The game’s artwork was what drew me to it to begin with. It has a very animated look to it, with a similar style to a lot of Don Bluth’s work or to early Disney films. It’s striking, and reminded me a lot of watching old cartoons from when I was the main character’s (Jerry) age. The backgrounds look great, and go to a lot of different locations once you really get into the game. Most pleasantly, each location in the main areas you stick to look widely different from each other as well, making navigating them easy. I knew my way around town pretty well by the game’s end, and could easily hop about using the very specific landmarks. Despite most of the game taking place in the town of Mousewood, Daedelic Entertainment managed to make every screen of it look unique while still adhering to the town’s aesthetic. Each screen felt like it belonged in that town, but was still different and interesting to look at.
They created a wide variety of characters as well — all with their own little details to tell them apart. I tend to be driven crazy by point and click games with huge casts, but The Night of the Rabbit managed to make each individual stand out. The various designs on the animals and mice that inhabited the town were just as varied as the town areas, and it really didn’t take all that long before I could find someone by name. To some extent this is dealt with by using different animals so I could tell everyone apart, but a lot of the details in how they dressed or looked helped me remember who was who as well. The cast was quite large, and I really should have had more trouble remembering who characters were referring to, but each character had a visual personality that made them easy to remember.
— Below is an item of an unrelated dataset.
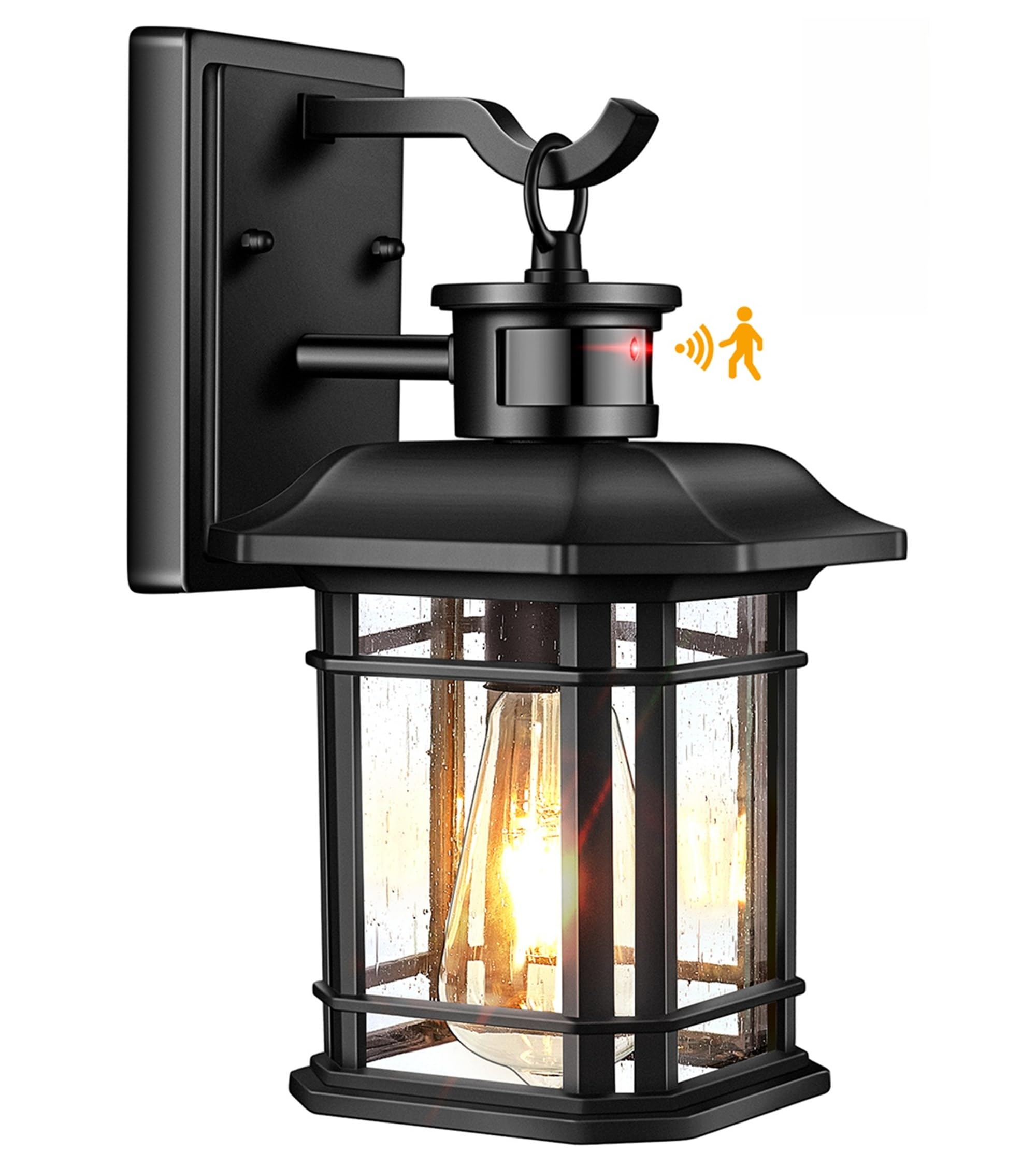 VIANIS Lampe Extérieur avec Détecteur De Mouvement, Applique Murale Exterieur 4 Modes avec Verre à Grains, Lanterne Exterieur Moderne Noir en Aluminium, Luminaire Extérieur Antirouille à Culot E27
I found the voice acting was pretty strong in the game, and helped each character stand out even further. It could get pretty hammy in some instances, but considering this was for what amounts to a child’s story, it seemed appropriate to overact here and there. On top of that, there were some genuinely weird and unsettling voices for the villains and some of the weirder townsfolk, making me cringe or feel nervous the second I heard them. Considering how many games use the same voice actor for multiple people in multiple games (I’m looking at you, Nolan North), it was nice to play a game that had a clear variety of solid voice actors.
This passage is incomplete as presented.